== Task item ==
Reproduce the data below exactly as written. Pictures do not belong in the copy.

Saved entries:
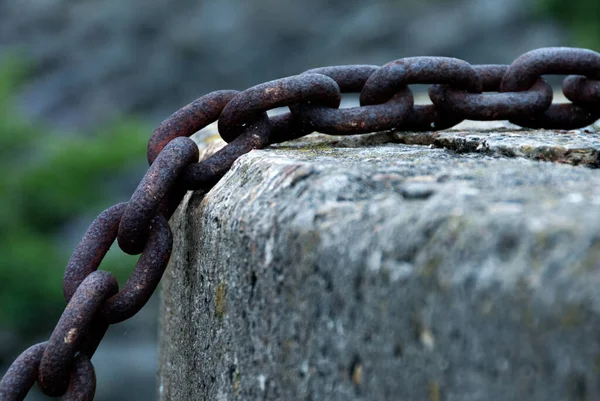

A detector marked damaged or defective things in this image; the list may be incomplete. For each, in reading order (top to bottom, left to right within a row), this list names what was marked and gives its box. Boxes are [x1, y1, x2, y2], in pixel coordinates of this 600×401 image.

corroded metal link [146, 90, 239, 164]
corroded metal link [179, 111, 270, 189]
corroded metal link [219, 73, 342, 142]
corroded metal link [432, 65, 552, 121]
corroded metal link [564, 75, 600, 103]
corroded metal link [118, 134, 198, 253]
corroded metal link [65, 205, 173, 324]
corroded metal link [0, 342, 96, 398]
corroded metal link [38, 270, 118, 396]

== Task response ==
A detector marked damaged or defective things in this image; the list may be incomplete. For each, in reading order (top to bottom, left to right within a row), this list names what was marked and gives its box. Boxes are [x1, y1, x2, y2], in pixel coordinates of this 600×401 image.

corroded metal link [146, 90, 239, 164]
corroded metal link [179, 111, 270, 189]
corroded metal link [219, 73, 342, 142]
corroded metal link [432, 65, 552, 121]
corroded metal link [564, 75, 600, 103]
corroded metal link [118, 134, 198, 253]
corroded metal link [65, 205, 173, 324]
corroded metal link [0, 342, 96, 398]
corroded metal link [38, 270, 118, 396]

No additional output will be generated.